Resenha | Os Sertões – A Luta
Muitos (se não todos) de nós, que estamos aqui neste site de cultura pop, já tivemos algumas aulas chatas de História. Por vezes é um semestre/ano inteiro chato. Mesmo quando a gente gosta muito da disciplina, sempre passamos por isso.
Contudo, sempre tem aquele professor que tem as manhas de fazer a turma se interessar pelo tópico. Muitas vezes trazem um filme, um episódio de série, leva pra um passeio de campo. As vezes temos que ler um livro, um romance. Quase sempre um clássico da literatura.

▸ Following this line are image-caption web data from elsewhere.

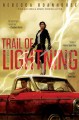 Trail of lightning  Cover Image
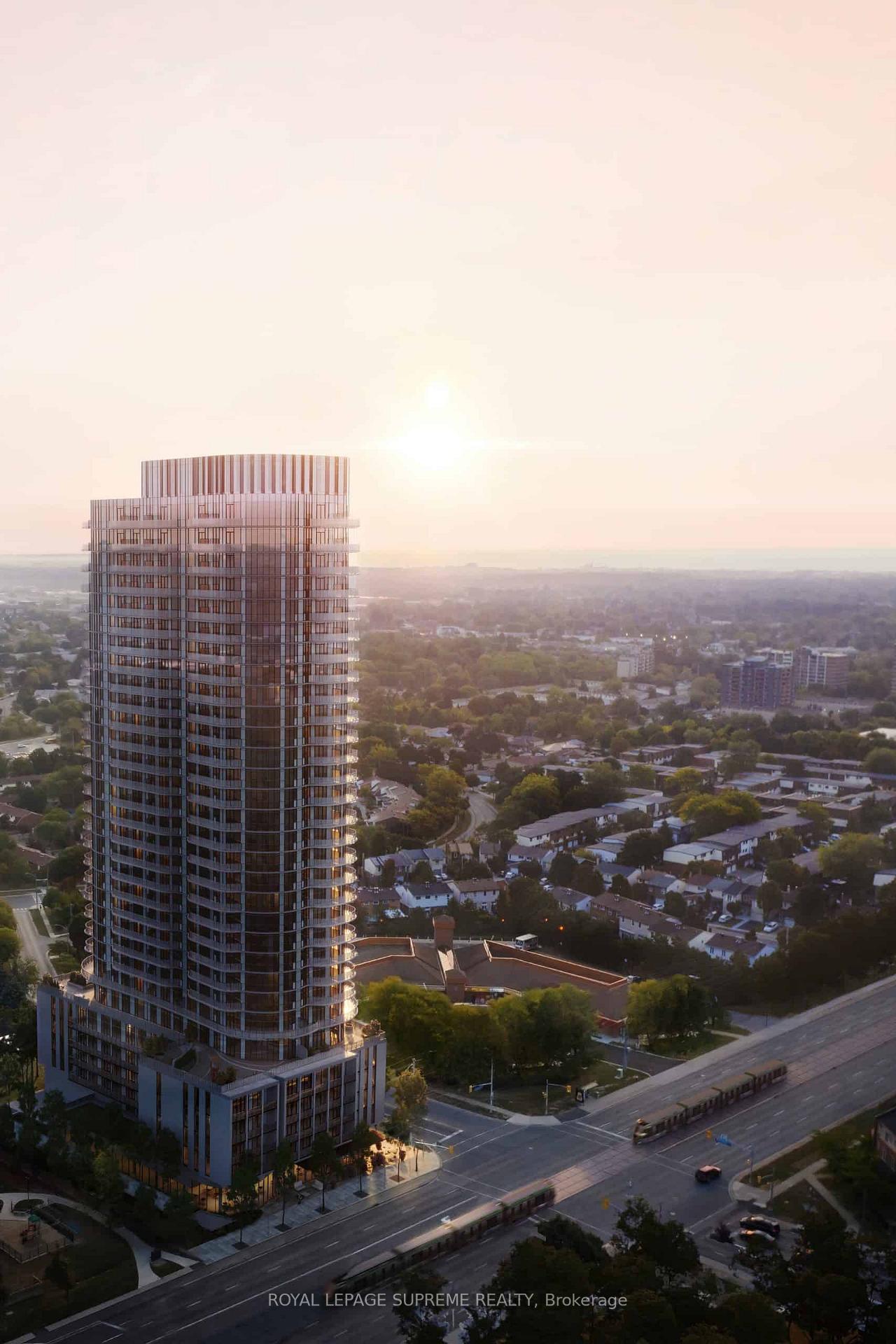 1 Fairview Road E 2204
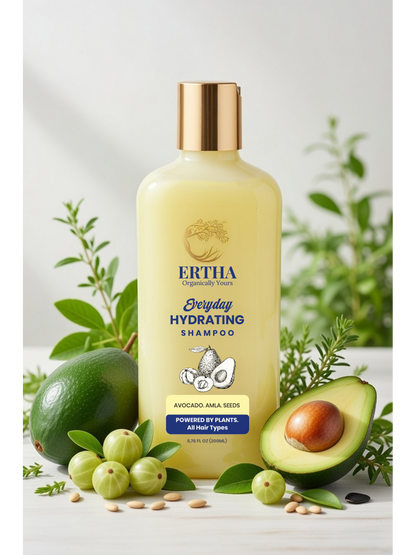 Everyday Hydrating Shampoo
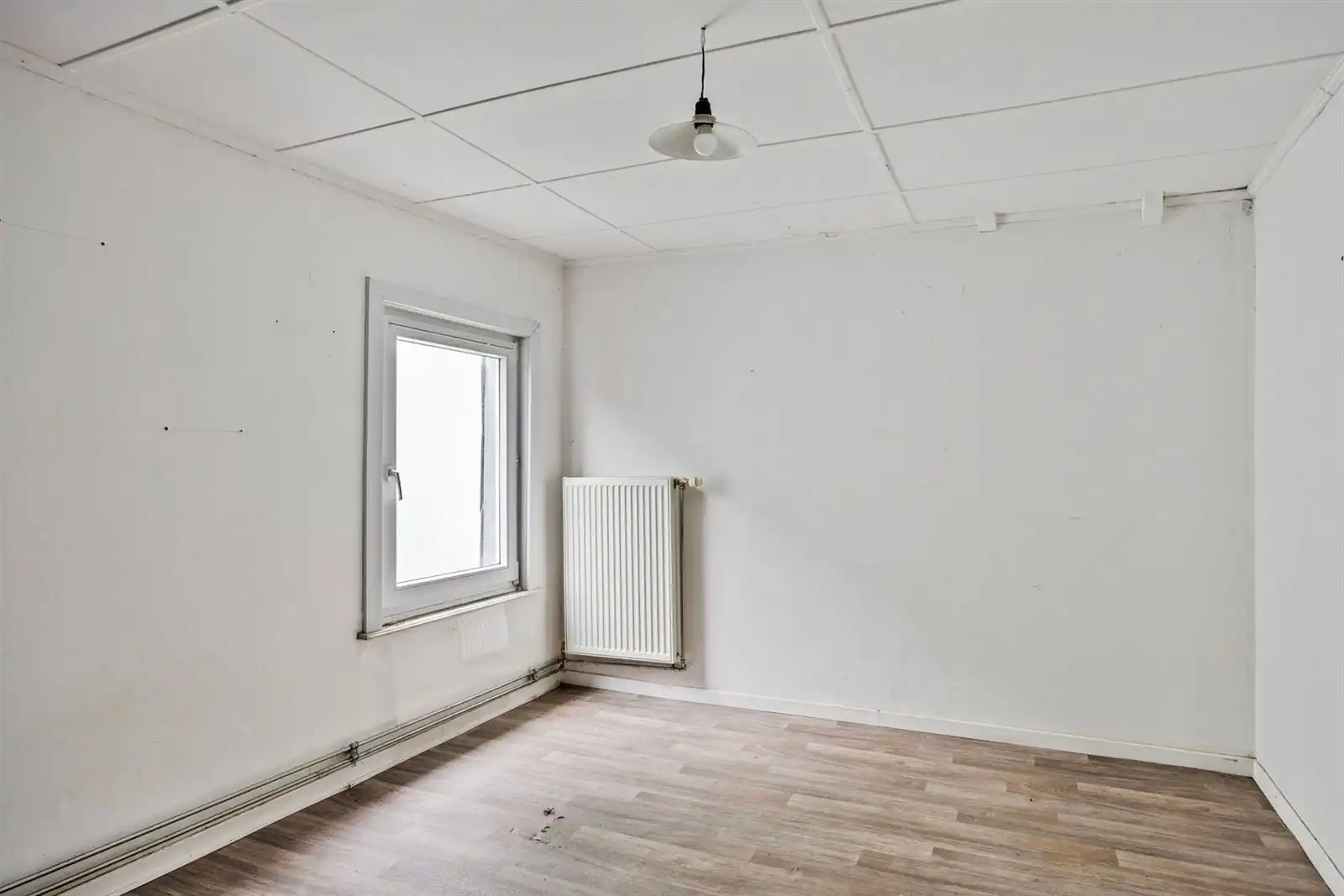 Investeringpand met 2 woonentiteiten te koop! foto 21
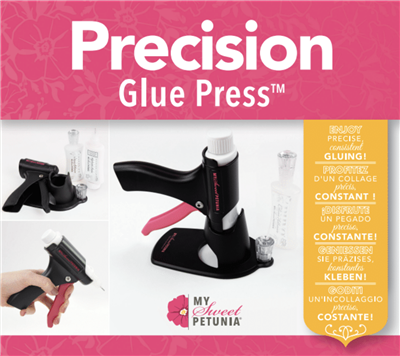 Precision Glue Press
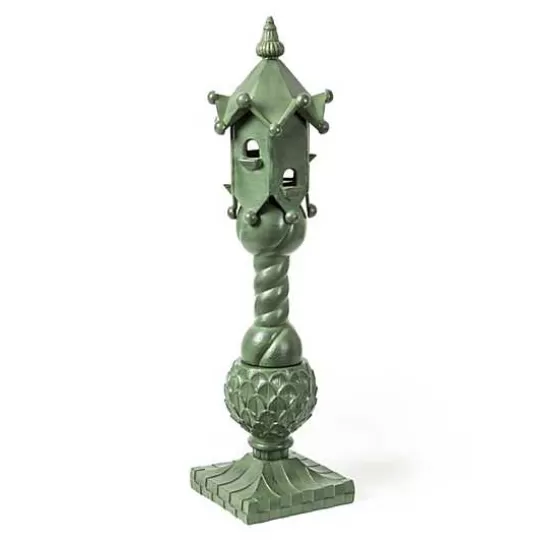 Cheap MacKenzie-Childs Birdhouse Garden Totem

A não ser que você seja um leitor assíduo e que realmente curta clássicos, dificilmente você irá gostar desses livros que o professor da escola passa como obrigatório, e você lerá apenas por obrigação. Mas lembra do professor que tem as manhas? Ele sabe como fazer você se interessar pelos clássicos.
Um desses clássicos que os professores tanto de História do Brasil quanto os de Literatura passam como obrigatórios para o ano letivo é Os Sertões.
Trata-se de um livro que relata a Guerra de Canudos, um capítulo muito importante na história do nosso país. O diferencial aqui, é que esta é uma história em quadrinhos.
Por sê-lo, essa seria a versão que aquele professor legal recomendaria. Pois é muito mais fácil de ler do que a obra original, e não deixa nada a desejar em termos de adaptação. Talvez, no máximo, possa ser dito que a história ficou resumida demais nesse formato. Ainda assim, dá com clareza o depoimento único de Euclides da Cunha necessário para conhecer bem o conflito.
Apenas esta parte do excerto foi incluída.